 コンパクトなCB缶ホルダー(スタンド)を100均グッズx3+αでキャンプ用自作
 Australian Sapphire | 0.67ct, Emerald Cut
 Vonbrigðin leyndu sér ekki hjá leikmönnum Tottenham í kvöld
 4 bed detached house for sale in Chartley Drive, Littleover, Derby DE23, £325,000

...

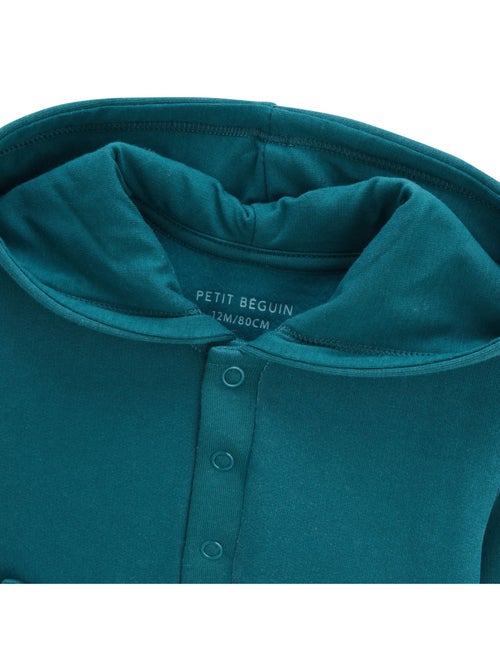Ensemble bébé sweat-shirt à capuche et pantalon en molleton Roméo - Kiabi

Work required
In your answer, include only the lines above starting at the line that holds "Australian Sapphire | 0.67ct, Emerald Cut" and ending at the line that holds "4 bed detached", copied exactly.

Exercise result
 Australian Sapphire | 0.67ct, Emerald Cut
 Vonbrigðin leyndu sér ekki hjá leikmönnum Tottenham í kvöld
 4 bed detached house for sale in Chartley Drive, Littleover, Derby DE23, £325,000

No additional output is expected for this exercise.